Problem – Extract the lines up to and including the one that contains "Potential 7-day improvement", starting with the first line of the entries below, and omit the pictures.

Records provided –
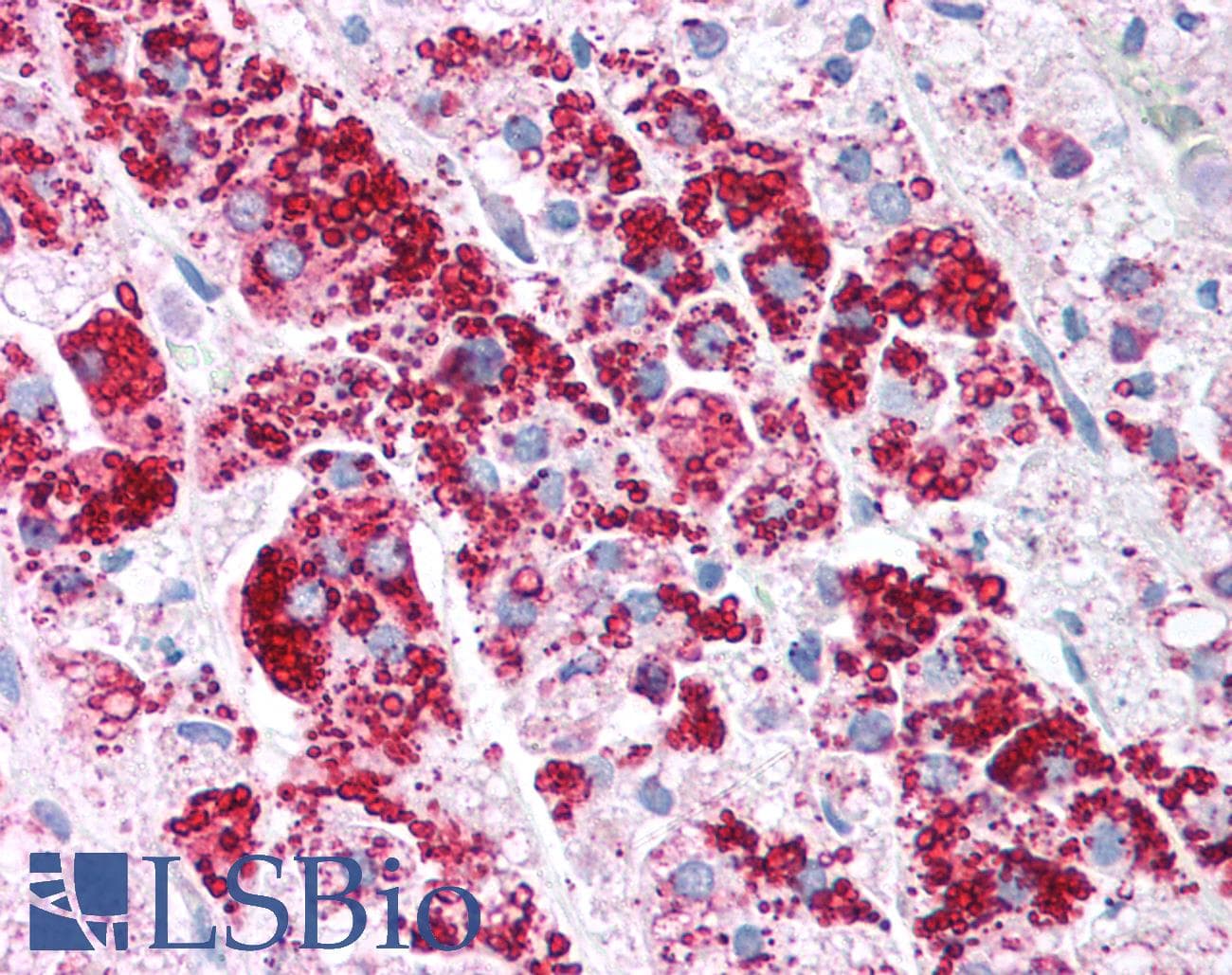IHC-plus™ PLIN3 / M6PRBP1 / TIP47 Antibody (aa350-435)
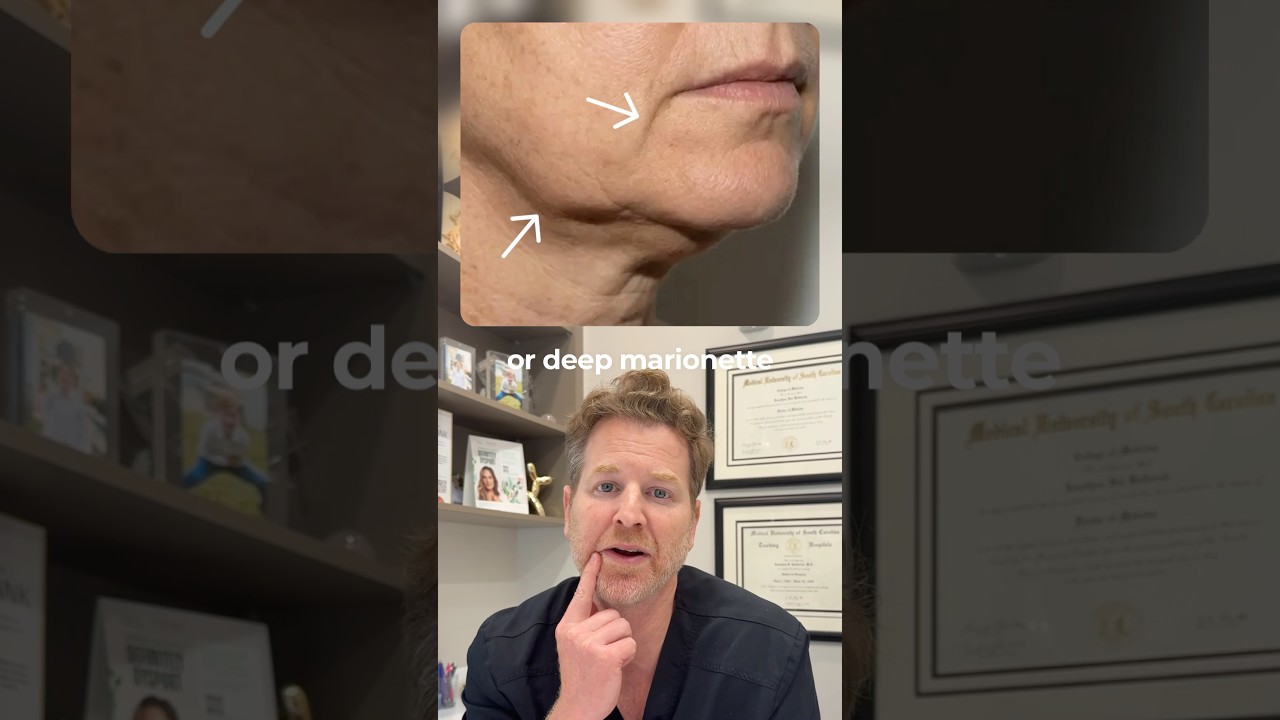 What is the right age for a facelift?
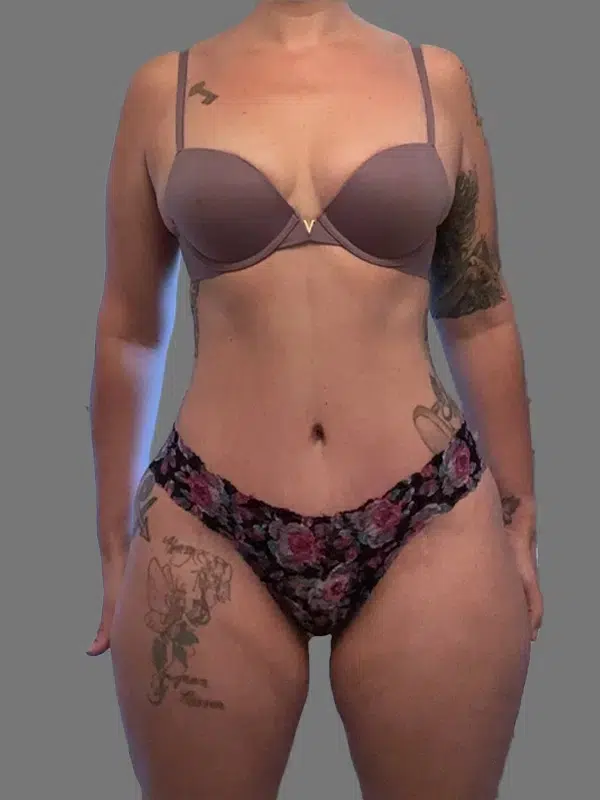 Tummy Tuck after photo – Mia Aesthetics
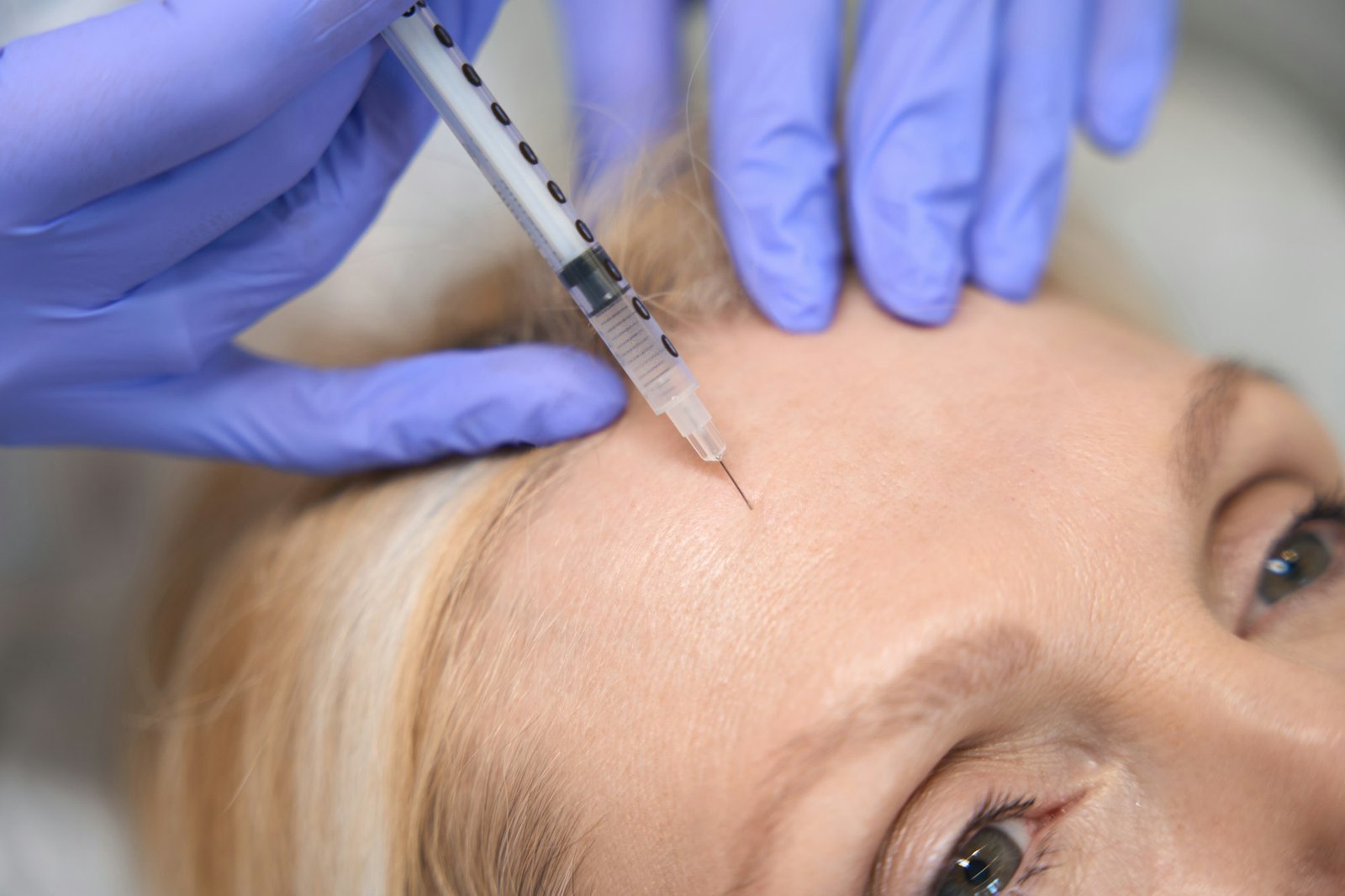 Close up of adult woman getting antiwrinkle forehead injection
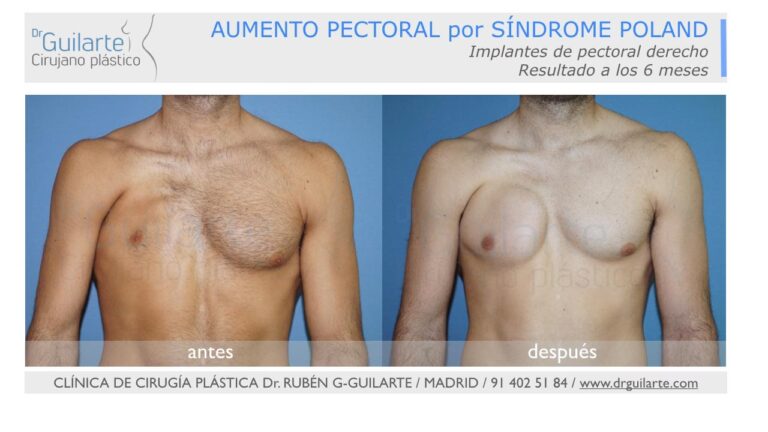 Síndrome de Poland: Opciones de Corrección Quirúrgica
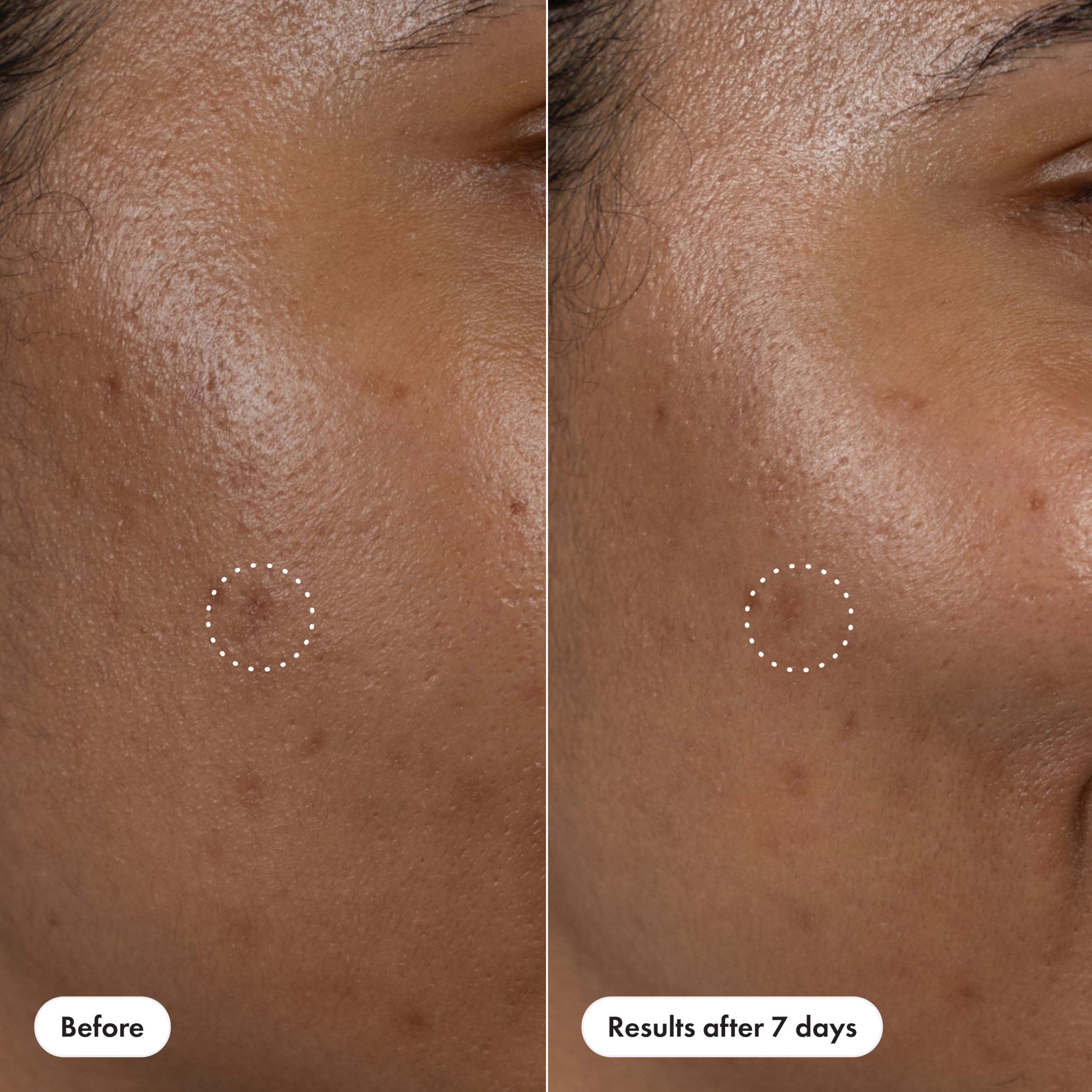 Potential 7-day improvement in post-blemish appearance during real-life use.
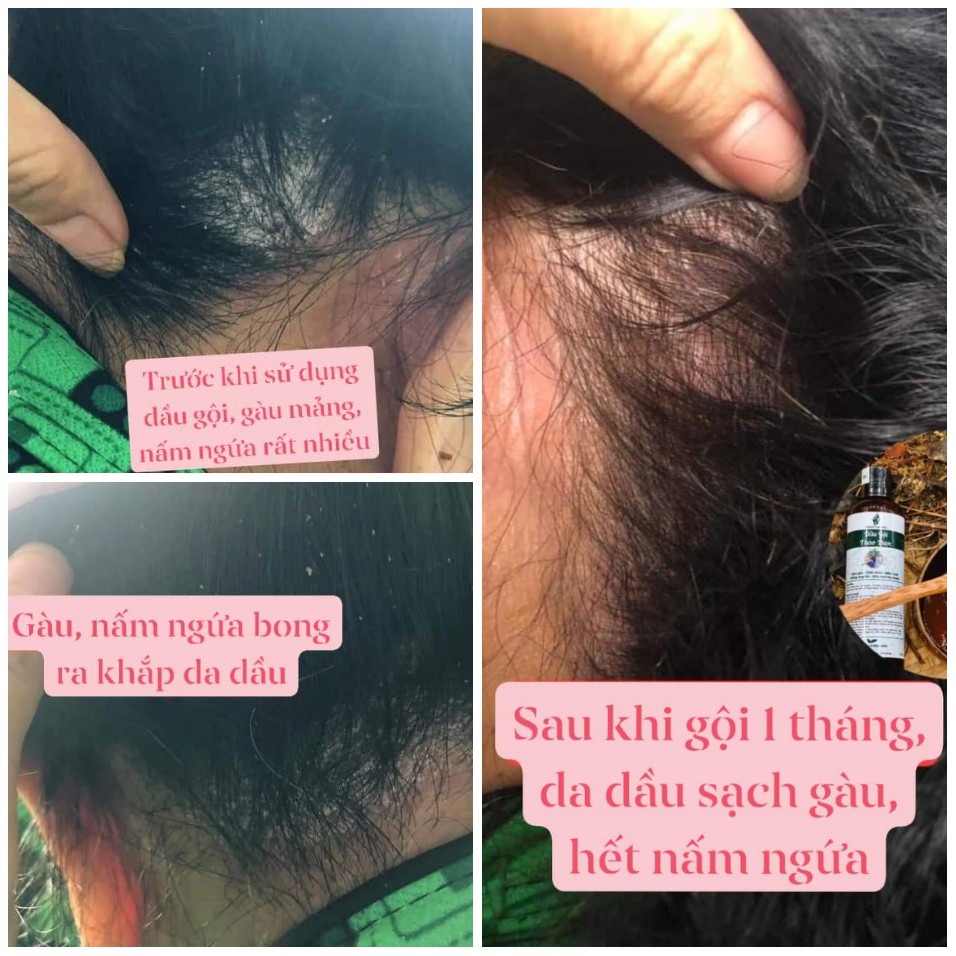 DẦU GỘI THẢO DƯỢC ngăn rụng tóc, sạch gàu ngứa, kích thích mọc tóc, kiềm dầu chống bết | BigBuy360 - bigbuy360.vn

Response below –
IHC-plus™ PLIN3 / M6PRBP1 / TIP47 Antibody (aa350-435)
 What is the right age for a facelift?
 Tummy Tuck after photo – Mia Aesthetics
 Close up of adult woman getting antiwrinkle forehead injection
 Síndrome de Poland: Opciones de Corrección Quirúrgica
 Potential 7-day improvement in post-blemish appearance during real-life use.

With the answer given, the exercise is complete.